### Work request
Return all of the entries exactly, but do not include the pictures.
======
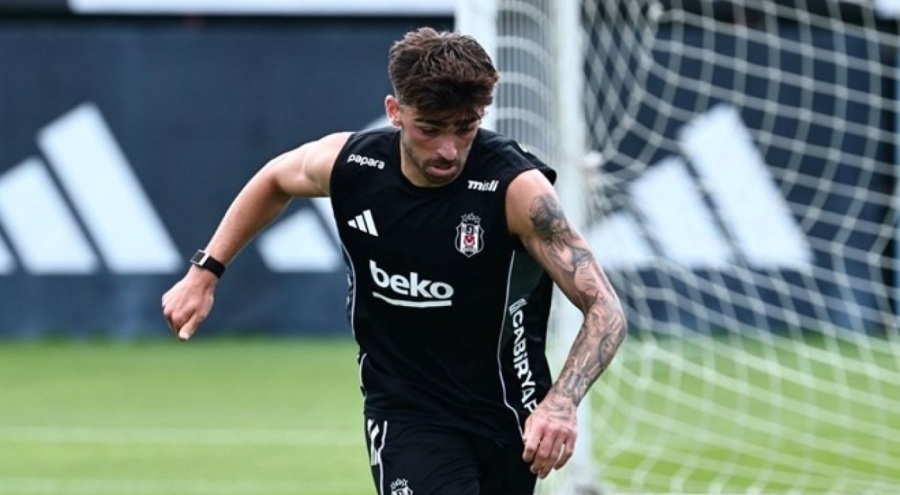 Beşiktaş'ın yeni transferi Jota Silva ilk antrenmanına çıktı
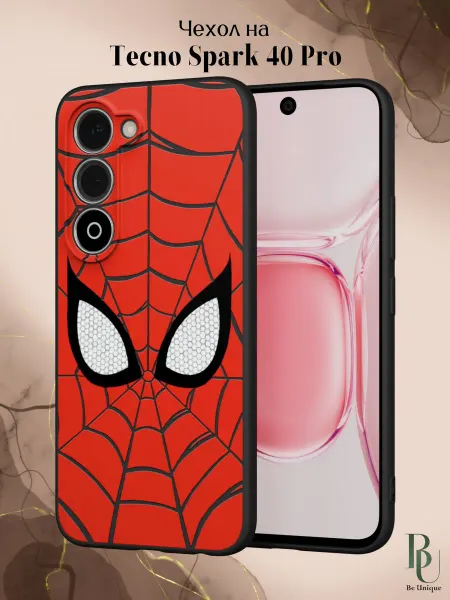 Be Unique Чехол на Tecno Spark 40 Pro Человек Паук
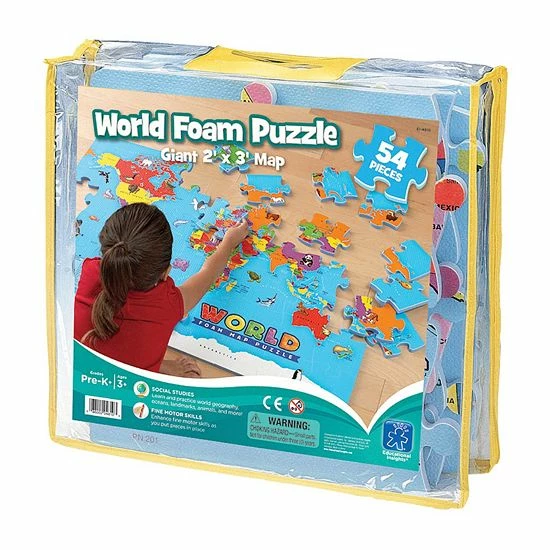 Educational Insights World Foam Map Puzzle Educational Insights World Foam Map Puzzle -Educational Insights stop unnamed file 1153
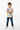 Boy standing confident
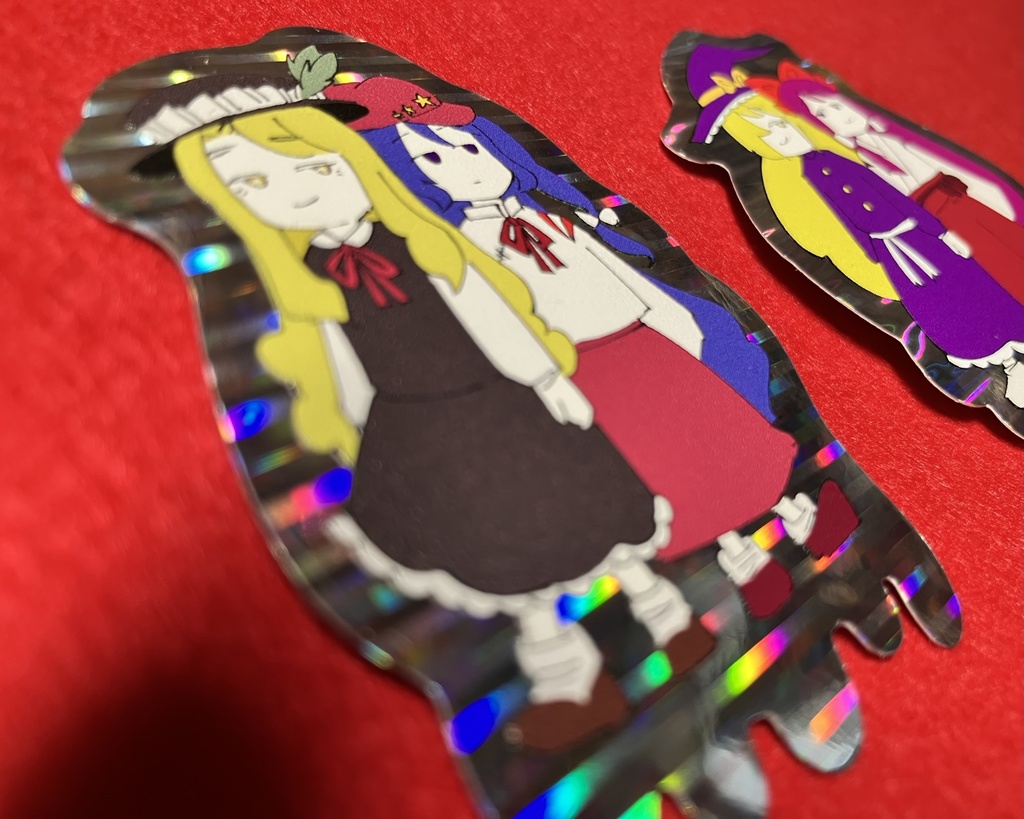 【キラキラ】やべえ女たちのステッカー【正直者御用達】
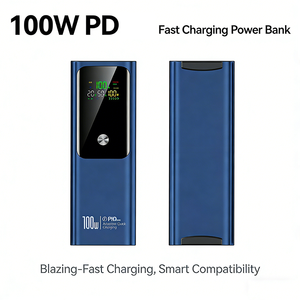 Banco de Energía de Carga Súper Rápida de 100W y 20000mAh con Salida USB Tipo-C de 20V/5A para Laptop y <span class=keywords><strong>Mac</strong></span> Book - Product Image 1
======
### Written response
 Beşiktaş'ın yeni transferi Jota Silva ilk antrenmanına çıktı
 Be Unique Чехол на Tecno Spark 40 Pro Человек Паук
 Educational Insights World Foam Map Puzzle Educational Insights World Foam Map Puzzle -Educational Insights stop unnamed file 1153
 Boy standing confident
 【キラキラ】やべえ女たちのステッカー【正直者御用達】
 Banco de Energía de Carga Súper Rápida de 100W y 20000mAh con Salida USB Tipo-C de 20V/5A para Laptop y <span class=keywords><strong>Mac</strong></span> Book - Product Image 1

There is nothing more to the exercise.